INSTRUCTIONS TO FOLLOW
Write again exactly the lines in the listing below, starting at the line with "Geometrische patroonpiloot kussen" and ending at the line with "View of the Salle des Arts by French School", both included. Pictures are not copied.

DATA EXTRACTS
====
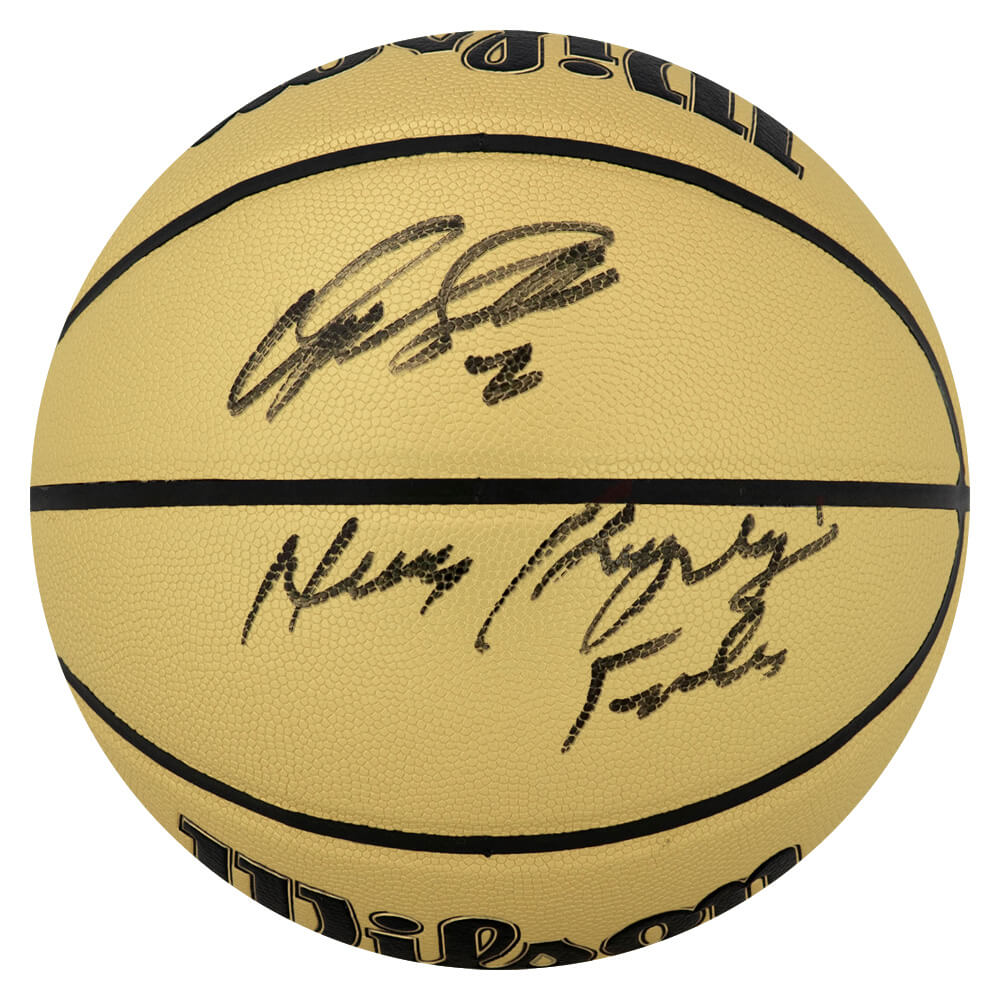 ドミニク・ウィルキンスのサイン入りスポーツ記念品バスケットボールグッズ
====
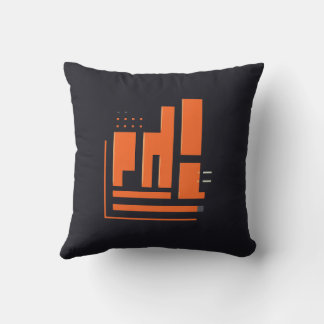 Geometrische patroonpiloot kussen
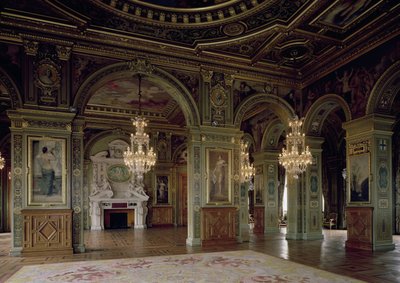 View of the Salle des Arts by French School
====
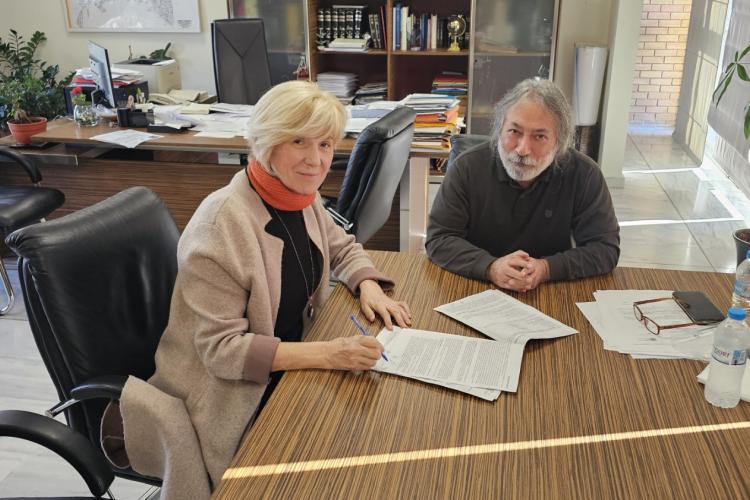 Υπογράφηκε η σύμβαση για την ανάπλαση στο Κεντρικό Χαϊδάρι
====
EXERCISE RESULT
 Geometrische patroonpiloot kussen
 View of the Salle des Arts by French School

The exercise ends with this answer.